- The problem: Below are the records; extract from them the line containing "Die Ferien- und" to the line containing "福特 探险者 2024款 2.3T EcoBoost 四驱钛金版 6座局部细节9009", both lines included, exactly and with no pictures.

- Excerpted records:
━━━

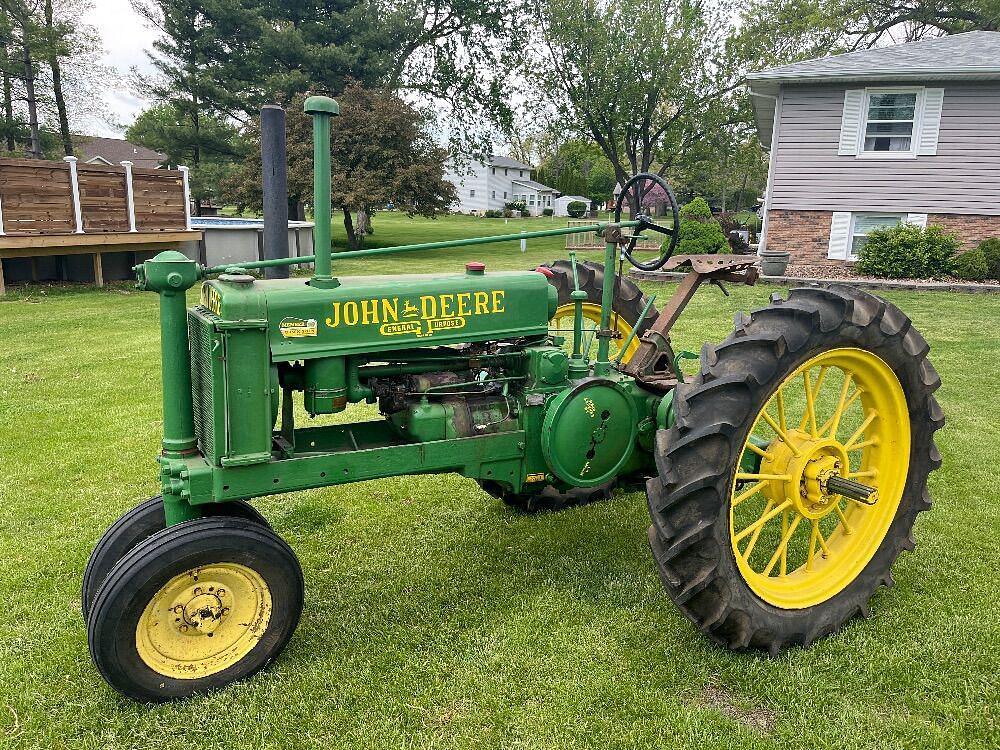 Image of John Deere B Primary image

━━━

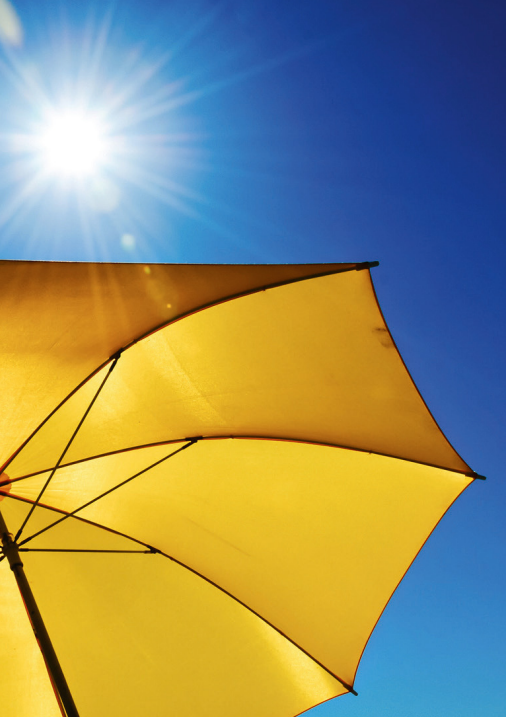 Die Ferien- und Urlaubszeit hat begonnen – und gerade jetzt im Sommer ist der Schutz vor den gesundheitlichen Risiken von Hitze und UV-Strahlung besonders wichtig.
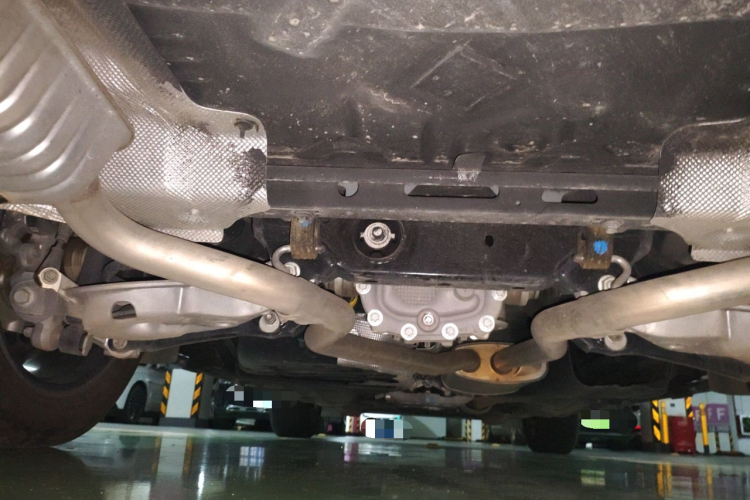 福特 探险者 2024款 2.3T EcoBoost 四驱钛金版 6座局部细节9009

━━━

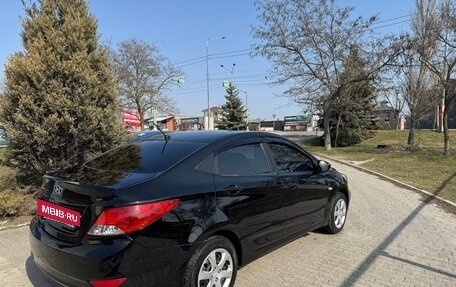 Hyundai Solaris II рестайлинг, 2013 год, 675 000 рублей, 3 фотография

━━━

- Exercise response:
 Die Ferien- und Urlaubszeit hat begonnen – und gerade jetzt im Sommer ist der Schutz vor den gesundheitlichen Risiken von Hitze und UV-Strahlung besonders wichtig.
 福特 探险者 2024款 2.3T EcoBoost 四驱钛金版 6座局部细节9009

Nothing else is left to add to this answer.